WHAT YOU NEED TO DO> Only one portion of the data is to be written out: from the line bearing "Photo #4136372 |" through the line bearing "Šarmantna kuća s". Write it exactly as it appears.

==== DATASET EXTRACT ====

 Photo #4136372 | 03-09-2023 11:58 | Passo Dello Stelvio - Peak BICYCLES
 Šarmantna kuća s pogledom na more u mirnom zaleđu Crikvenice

====
==== DATASET EXTRACT ====

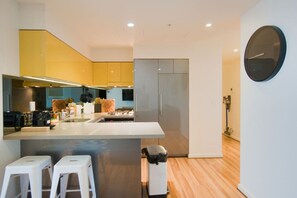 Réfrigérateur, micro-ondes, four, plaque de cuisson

====

EXPECTED ANSWER>
 Photo #4136372 | 03-09-2023 11:58 | Passo Dello Stelvio - Peak BICYCLES
 Šarmantna kuća s pogledom na more u mirnom zaleđu Crikvenice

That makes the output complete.